“When you get a great deal, let me know.”


The most popular quote of 2020.  A lot of people have been telling me, “When you get a great deal, let me know.” There are a few problems with that, as it can mean different things to different people. Are you an investor who’s looking for a great deal? Do you only want to live within a six-block radius of your family? A great deal to you can mean $1.5M, but for someone else who doesn’t mind walking 20 minutes to their family, a great deal can be $900K.

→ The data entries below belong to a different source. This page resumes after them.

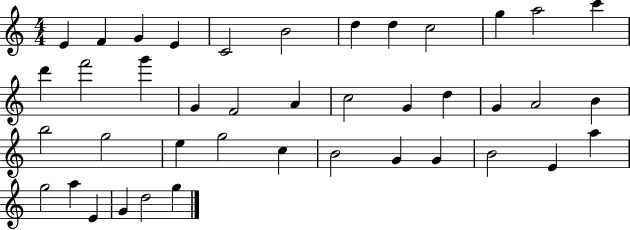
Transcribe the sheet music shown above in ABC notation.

X:1
T:Untitled
M:4/4
L:1/4
K:C
E F G E C2 B2 d d c2 g a2 c' d' f'2 g' G F2 A c2 G d G A2 B b2 g2 e g2 c B2 G G B2 E a g2 a E G d2 g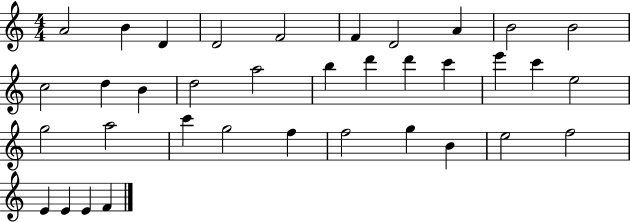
{
  \clef treble
  \numericTimeSignature
  \time 4/4
  \key c \major
  a'2 b'4 d'4 | d'2 f'2 | f'4 d'2 a'4 | b'2 b'2 | \break c''2 d''4 b'4 | d''2 a''2 | b''4 d'''4 d'''4 c'''4 | e'''4 c'''4 e''2 | \break g''2 a''2 | c'''4 g''2 f''4 | f''2 g''4 b'4 | e''2 f''2 | \break e'4 e'4 e'4 f'4 | \bar "|."
}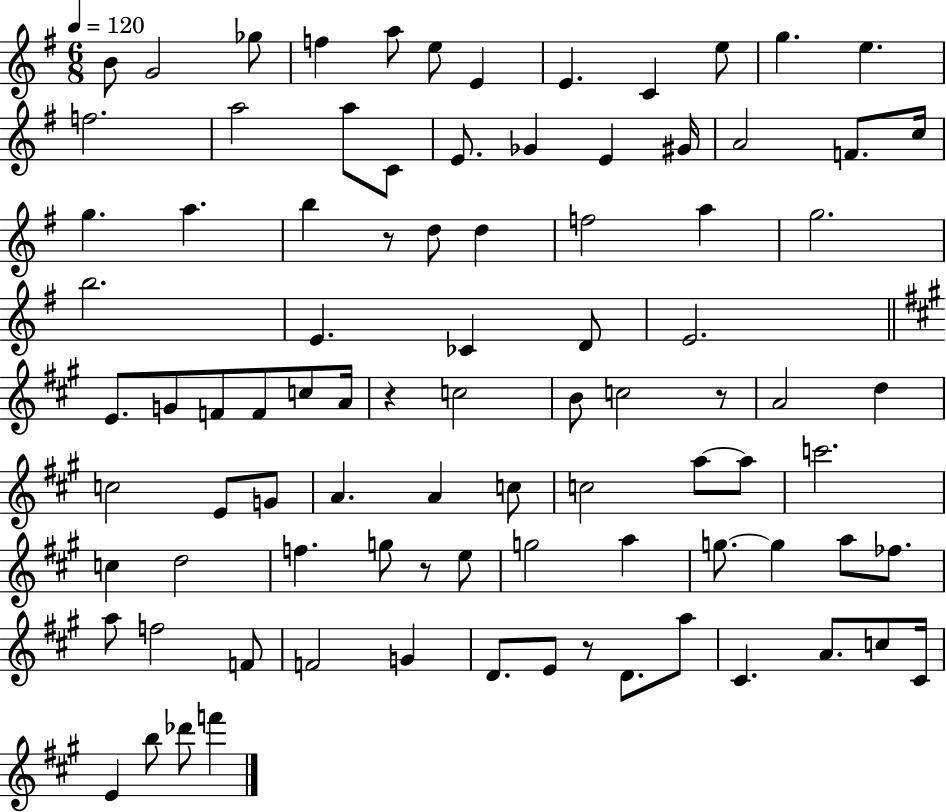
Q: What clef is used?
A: treble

I always ask people and listen to what they’re specifically looking for. What have you seen in the past few months that caught your eye, or was there something that didn’t appeal you? When someone who has seen 20 homes in the past few weeks, but not one of them has caught their interest or they thought the homes were all overpriced and haven’t even given a lower offer, I know that they need more time to understand the market. It’s all about market educating. I love educating my clients to where the market’s at and what’s available. You can’t look at something that was sold six months ago. Many times when I hear, “My neighbor sold last summer,” that means it was in contract for three to four months and was on the market for an additional three – to four months. That could be one and a half to two- years ago, and now you’re dealing with a totally different market.

So everyone thinks a great deal is something else. At our office, we have a great system of sending all our listings out. I always encourage those who are starting the home buying process to add their parents and relatives to our database, so they can see for themselves where the market is at. Many people are now looking for their children. They themselves bought their house 25 years ago at an entirely different price range, and there was no online home shopping then. What you saw was what you got. In the past, you called a broker, she offered five houses, and you took one of them.

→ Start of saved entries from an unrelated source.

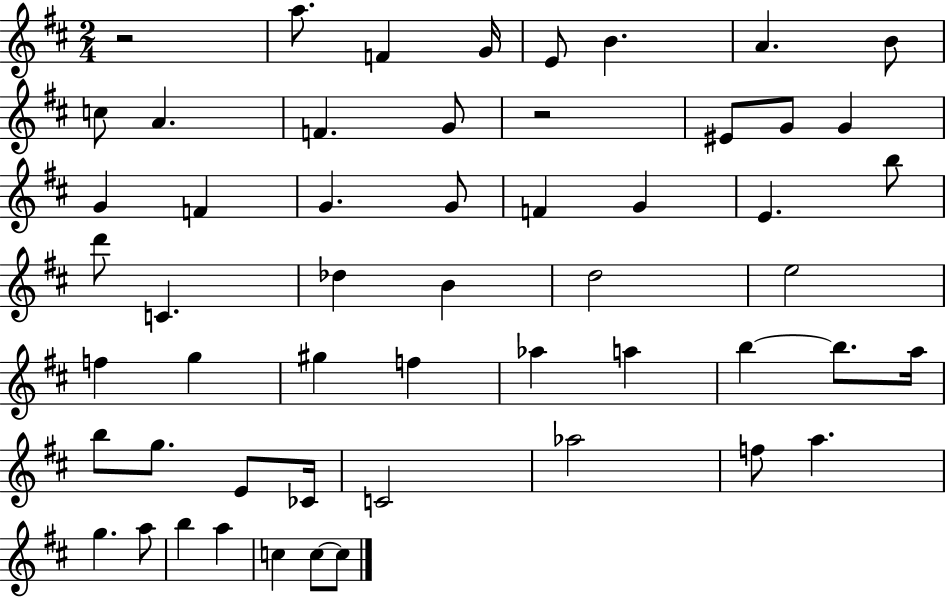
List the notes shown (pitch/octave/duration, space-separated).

R/h A5/e. F4/q G4/s E4/e B4/q. A4/q. B4/e C5/e A4/q. F4/q. G4/e R/h EIS4/e G4/e G4/q G4/q F4/q G4/q. G4/e F4/q G4/q E4/q. B5/e D6/e C4/q. Db5/q B4/q D5/h E5/h F5/q G5/q G#5/q F5/q Ab5/q A5/q B5/q B5/e. A5/s B5/e G5/e. E4/e CES4/s C4/h Ab5/h F5/e A5/q. G5/q. A5/e B5/q A5/q C5/q C5/e C5/e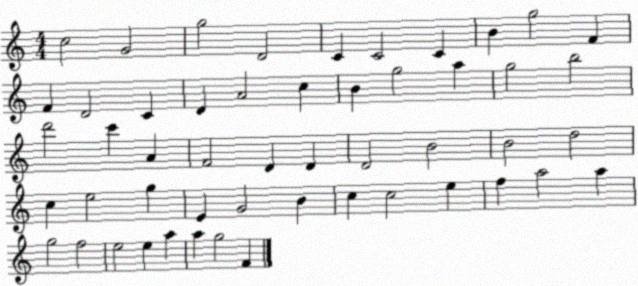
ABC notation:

X:1
T:Untitled
M:4/4
L:1/4
K:C
c2 G2 g2 D2 C C2 C B g2 F F D2 C D A2 c B g2 a g2 b2 d'2 c' A F2 D D D2 B2 B2 d2 c e2 g E G2 B c c2 e f a2 a g2 f2 e2 e a a g2 F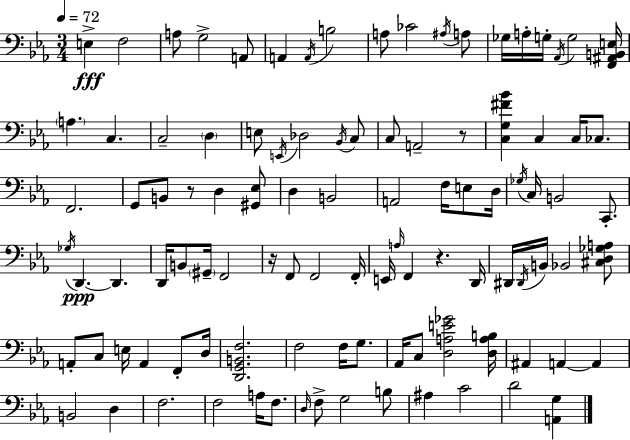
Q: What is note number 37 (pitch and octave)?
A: B2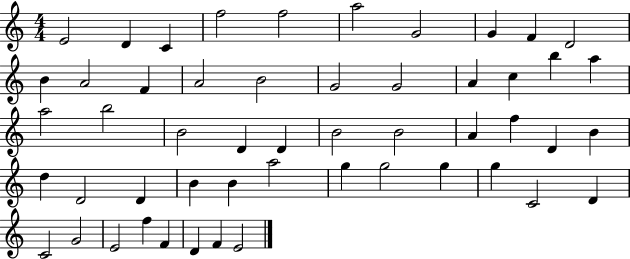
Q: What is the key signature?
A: C major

I always advise clients to include their family members at the start of the home buying process. Obviously, they don’t have to see every house. Nowadays, there are many options available, such as virtual tours, videos, and links of what you’re looking for. That way everyone is on same page pricewise. I had a scenario this past year where there was a home that was a great deal. Five people saw it and one lucky buyer took it. One of the buyers who came knew that it was a great deal, but unfortunately, one of the family members only came to see this last house, they didn’t see the other houses. When he brought his parents, they felt it was too small and tried to lower the price. At the end of day someone else took it. I don’t like pushing clients.  If you like a home, I’ll work with you and assist with your needs or hesitations, but I’ll never push you. It’s your home and your decision.

Next time before you ask your agent if they have any good deals, try to be specific and be in the know.  Show up at open houses (obviously not that many right now), touch base, and give feedback. Sometimes, I don’t hear back from a client.  If you communicate exactly what your needs are, we can work together and I can offer the home that is best suited for you.


Corona & Closings?


Before COVID-19 most homes that were priced in the $1M range (anywhere from $700-800K up to $1.1- $1.2M), even if priced relatively well took a minimum of four to six months to go into contract. Now, due to historically low interest rates, if homes are priced well, the whole process can take about four to six weeks. There are plenty of buyers on the market, although we have definitely seen a surge of people moving out of Brooklyn, there are those that are staying and are actively looking.  Many are taking advantage of the low interest rates and homes are getting multiple offers. It is ultimately up to the seller.